Thanks to The Allusionist, I learned about EuroSpeak and discovered this guide on Misused English words and expressions in EU publications, which is hilarious.

“The needs of the many,” privilege, and power

Posted on December 14, 2014 by Anand Sarwate

There’s a certain set of sentiments which undergird a lot of thinking in engineering, and especially engineering about data. You want a method which has good performance “on average” over the population. The other extreme is worst-case, but there are things you can only do in the average case. By focusing on average-case gain, you get a kind of “the needs of the many outweigh the needs of the few” way of thinking about the world.

The needs of the many outweigh the needs of the one… or the few?

Now in the abstract land of mathematical models and algorithms, this might seem like a reasonable principle — if you have to cram everything into a single population utility function you might as well then optimize that. However, this gets messier when you start implementing it in the real world (unless of course you’re an economist of a certain stripe). The needs of the many are often the needs of the more powerful or dominant groups in society. The needs of the few are perhaps those who have been historically marginalized or victimized. Extolling the benefits to the many is often taking a stand for the powerful against the weak. It’s at best deeply insensitive.

Two instances of this have appeared on the blogosphere recently. Scott Aaronson blogged recently about MIT’s decision to take down Walter Lewin’s online videos after Lewin was found to have sexually harassed students in connection with the course. Scott believes that depriving students of Lewin’s materials is a terrible outcome, even (possibly) if he were a murderer. Ignoring the real hurt and trauma felt by those who are affected by Lewin’s actions is an exercise in privilege — because he is not hurt by it, he values the “the good of the many” trumping the “good of the few.”

The whole downplaying of sexual harassment as being somehow “not serious” enough to warrant a serious response (or that the response “makes the most dramatic possible statement about a broader social issue”) in fact trivializes the whole experience of sexual violence. Indeed, by this line of argument, because the content created by Lewin is so valuable, it may be ok to keep online even “had [he] gone on a murder spree.” The subtext of this is “as opposed to merely harassed some women.” I recommend reading Priya Phadnis on this case — she comes to a very different conclusion, namely that special pedestal that we put Walter Lewin on is itself the problem. Being able to downplay the female victims’ claims is exercising the sort of privilege that members of the male professoriat (myself included) indulge in overtly, covertly, and inadvertently. If STEM has a gender problem, it’s in a large part because we do not pay attention to the ways in which our words and actions reinforce existing tropes.

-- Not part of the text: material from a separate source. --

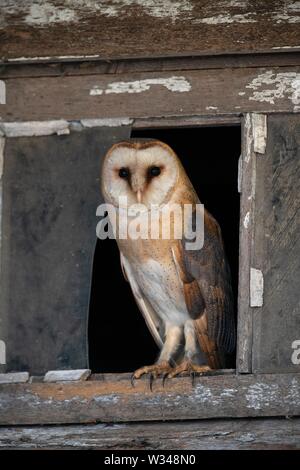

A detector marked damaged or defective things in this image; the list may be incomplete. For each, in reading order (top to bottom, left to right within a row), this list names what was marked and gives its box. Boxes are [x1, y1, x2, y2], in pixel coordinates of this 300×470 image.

The second post was by Lance Fornow on dying languages in response to an op-ed by John McWhorter on why we should care about language diversity. Lance thinks that speaking a common language is a good thing:

I understand the desire of linguists and social scientists to want to keep these languages active, but to do so may make it harder for them to take advantage of our networked society. Linguists should study languages but they shouldn’t interfere with the natural progression. Every time a language dies, the world gets more connected and that’s not a bad thing.

I guess those poor bleeding-heart social scientists don’t understand that those languages are dying for a good reason. The good of the many — everyone speaking English, the dominant language — outweighs the good of the few. This attitude again speaks from a place of privilege and power, and it reinforces a kind cultural superiority (although I am sure Lance doesn’t think of it that way). Indeed, in many parts of the world, there is and continues to be “a strong reason to learn multiple languages.” By casually (and incorrectly) dismissing the importance of linguistic diversity, such a statement reinforces a chauvinist view of the relationship between language and technology.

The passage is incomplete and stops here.